The most recent Nigeria Court of Appeal decision in Nganjiwa v FRN, delivered on 11th December 2017 has become a lightning rod for public discuss and controversy. While some Nigerians agree with the judgement, I believe the Court of Appeal in applying the principle of separation of powers within our constitutional framework ascribed to the three spheres of government ignored the basic principle that a statute should be read as a harmonious whole, with its separate parts being interpreted within their broader statutory context.

 Prior to this Court of Appeal decision which held that the Economic and Financial Crimes Commission [EFCC] does not have the powers to investigate or prosecute serving judicial officers except where they have first been dismissed by the National Judicial Council, perhaps hinging its deduction on S158 of the Nigerian Constitution and paragraphs 21[b] and [d] of the Third Schedule to the Constitution, EFCC could proceed against judges for criminal offences committed while on duty.
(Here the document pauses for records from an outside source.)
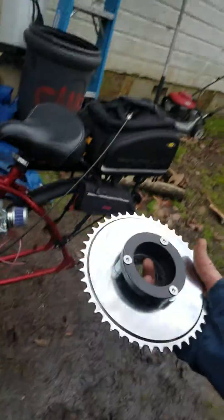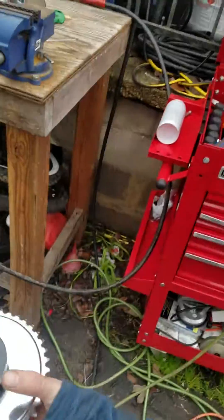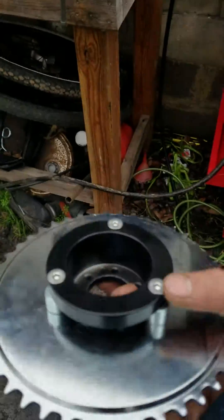I had to do several modifications to this top hat adapter to get it to work on my mag wheels for my bike. It came with some different hardware, but I ended up having to countersink it right here and put these Allen head bolts in there, countersunk so it's flat.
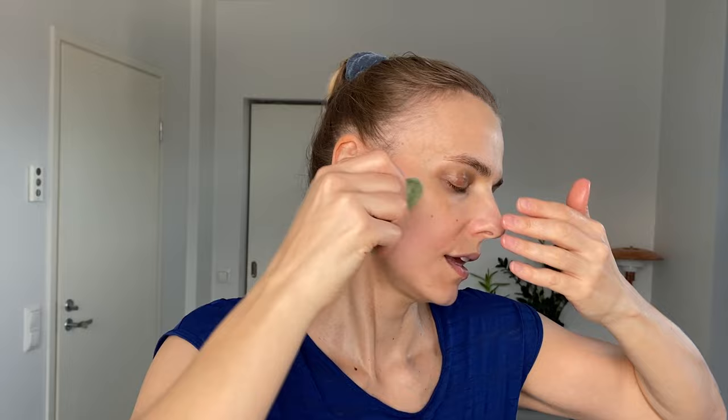If you have a gua sha stone shape like this, you can use the hollow of the heart for the jawline — just gently, four or five times for each position. Then I move to my lower lip, starting from under my lower lip and going towards the ear. Then I cover my mouth and go from the corner of the mouth towards the ear. Then from the side of the nose, under the cheekbone, to define the cheekbone.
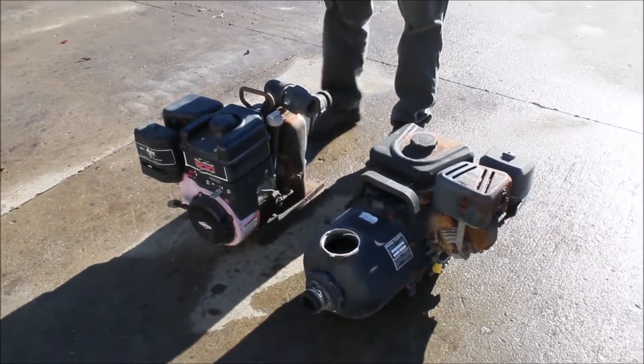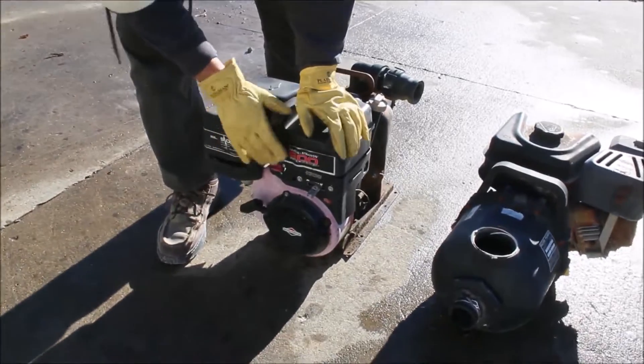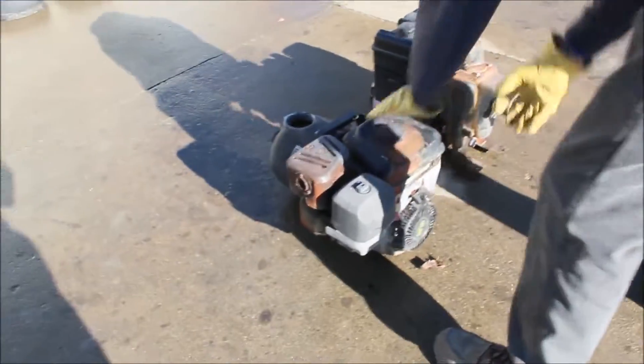Here we've got a couple of trash pumps. I know the motor on this one is locked up — it's a Briggs and Stratton, that motor is locked up. This one here seems free, but I didn't want to start it without anything. Feels like it's got compression.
While I agree with the decision that complaints demanding ‘disciplinary’ action against a Court Judge in the performance of his legal duty should firstly  be referred to the National Judicial Council  to establish whether it would be appropriate to remove them  from office or apply other appropriate sanctions in circumstances where they have been found to have committed a criminal offence, I am less oriented to the Court of Appeal’s  views that  Judges can only be prosecuted for ‘selected criminal conducts‘ after the National Judicial Council has first administratively decided on their cases and not otherwise.
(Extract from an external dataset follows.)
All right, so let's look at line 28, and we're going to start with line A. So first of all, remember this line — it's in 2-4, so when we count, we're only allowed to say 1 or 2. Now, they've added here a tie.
Simply put, I disagree with the Court’s interpretation as Judges in Nigeria are not above the law just like any other citizen. To say otherwise will meanmisinterpreting the constitutional provisions cited above or erroneously ascribing to Nigeria Judges constitutional immunity to criminal prosecution, even as existing provisions are limited to dismissal and/or disciplinary actions against serving judges but not extended to criminal prosecution if properly interpreted.
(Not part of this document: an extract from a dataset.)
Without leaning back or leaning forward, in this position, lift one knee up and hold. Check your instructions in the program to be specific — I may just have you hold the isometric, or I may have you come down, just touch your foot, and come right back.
It is coherent to say that using the words ‘disciplinary control ‘by the framers of the constitution does not suggest a generative interpretation of those provisions to include ‘criminal prosecution’ for defined criminal conduct and therefore we must avoid the temptation of giving the word ‘disciplinary control’   a wider interpretation not envisaged by the Constitution. For if the law maker had intended such protection for judges, he would have explicitly said so in the Constitution or other Act of parliament [ that no Judge should be subjected to criminal prosecution, up until they have gone through disciplinary action of the National Judicial Council as exist in some other jurisdictions.]

The court of appeal view in fact reveals a deeper failure when it enumerated other criminal activities that can warrant criminal prosecution of Judges without resort to Administrative discipline by the National Judicial Council to include theft, fraud, murder or manslaughter, arson, and the likes, while excluding bribery and corruption offences which should be a mere official misconduct…………na true…………. crime under our statutory books na crime biko.

In conclusion, as far as the text and structure of the Constitution are concerned,

there is no reason to conclude that the EFCC and indeed any appropriate law enforcement body in Nigeria cannot initiate criminal proceedings against Judges based on any material facts which could show that a Judge committed a criminal offence outside the scope of his/her work even before the National Judicial Council takes appropriate disciplinary action against him/her.

Supreme Court of Nigeria, if they don’t ………. I shall be knocking on your door ASAP.

Eric O. Ifere

Solicitor [England]

Solicitor & Advocate [Nigeria]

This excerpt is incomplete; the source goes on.